Этому сообщению предшествовал ряд немаловажных событий. Ещё летом 1981-го Гарсиа Маркес с помощью своего друга юности Альфонсо Фуэнмайора, неоднократно бывавшего в Стокгольме, установил контакт, а затем и подружился с известным писателем Артуром Лундквистом, возглавлявшим левое крыло Шведской академии. Лундквист имел огромный авторитет и влияние на Комитет по присуждению Нобелевской премии — в своё время он добился того, что премией были награждены латиноамериканцы Мигель Анхель Астуриас и Пабло Неруда. Летний отпуск 1981-го Маркес провёл на Кубе, в Варадеро и других курортах с послом Швеции в Мексике (все расходы, разумеется, взяв на себя, хотя таковых фактически и не было у «личного друга команданте Фиделя»). Были проведены и прочие превентивные мероприятия.

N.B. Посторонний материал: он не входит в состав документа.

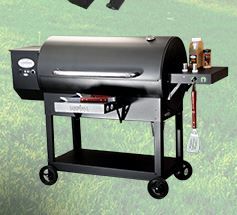 Louisiana Grills Country 680 51" Black Freestanding Wood Pellet Smoker-1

Двадцатого октября 1982 года мексиканские газеты писали, что Гарсиа Маркес уже наверняка получит премию. Всю ночь они с Мерседес не спали. На следующее утро, в 5.59, Пьер Шори, заместитель министра иностранных дел Швеции, позвонил Маркесу в Мехико и подтвердил известие: «С премией вопрос решён». «Гарсиа Маркес, — пишет профессор Мартин, — побледнел, медленно положил трубку, будто боясь, что она отскочит, повернулся к Мерседес и тихо сказал: „I’m fucked“ („Мне п…ц“). Позвонил президент Колумбии Бетанкур и сказал, что услышал новость от Франсуа Миттерана, который узнал это от шведского премьера Улофа Пальмё. Бетанкур кричал в трубку, что это победа Колумбии. Габриель и Мерседес умылись и сели завтракать».

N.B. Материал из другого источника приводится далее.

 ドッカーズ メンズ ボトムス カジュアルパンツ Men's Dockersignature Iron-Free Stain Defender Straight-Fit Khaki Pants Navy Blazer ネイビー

А потом обрушился шквал звонков: Миттеран (напрямую, без секретаря), Кортасар, Мейлер, Онетти, спикеры парламента Колумбии, Тачия и ещё многие. Фидель не смог дозвониться и прислал телеграмму: «Справедливость восторжествовала! Телефон у тебя занят наглухо. Второй день пьём твоё здоровье, поздравляю тебя и Мерседес от всего сердца!» Грэм Грин тоже прислал телеграмму с «горячайшими поздравлениями», Норман Мейлер… От журналистов и поклонников не было отбоя, дом брали буквально штурмом, и полиции пришлось взять его в оцепление. Сотни журналистов всё равно его описывали — в репортажах непременно фигурировали жёлтые розы и цветы гуайавы.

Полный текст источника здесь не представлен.